Saturday, October 27, 2012

Countdown: The Top 20 Jack Ketchum Works of Short Fiction--#2



[For the previous entry on the Countdown, click here.]

#2. "Closing Time"

The fact that "Closing Time" (2003) is collected in both Peaceable Kingdom and (obviously) Closing Time and Other Stories is a strong indication of the novelette's stature.
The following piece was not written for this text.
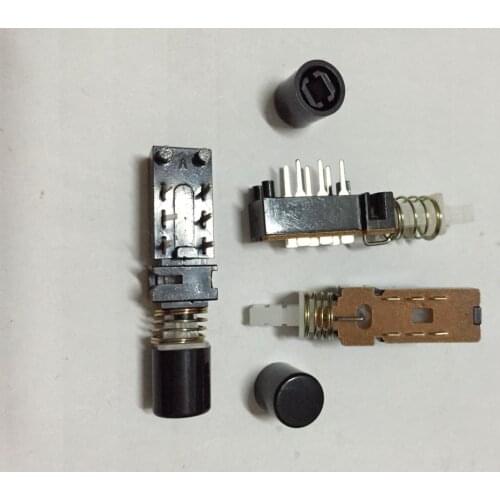 Original New 100% KAN2-1L piano key double row 6pin with lock white handle button self-locking power switch with button cap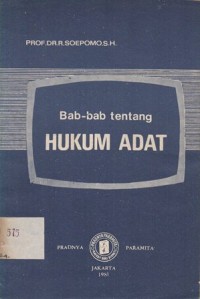 BAB-BAB TENTANG HUKUM ADAT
The piece is at once a heartbreaking love story (centering on the turbulent relationship of Claire and her already-married paramour David) and a heart-pounding tale of suspense (as the protagonists cross paths with a sadistic criminal).  Set in New York City in October and early November of 2001, the narrative also uses the World Trade Center disaster as a literal and thematic backdrop (Ketchum peppers poignant details throughout: "the smell of burning" and "the strange sad New York silence"; the "thick brown-white dust [that] lay everywhere"; the "windows filled with appeals for information on the missing"; Claire's observation that "Even if you'd lost nobody close to you, you'd still lost something").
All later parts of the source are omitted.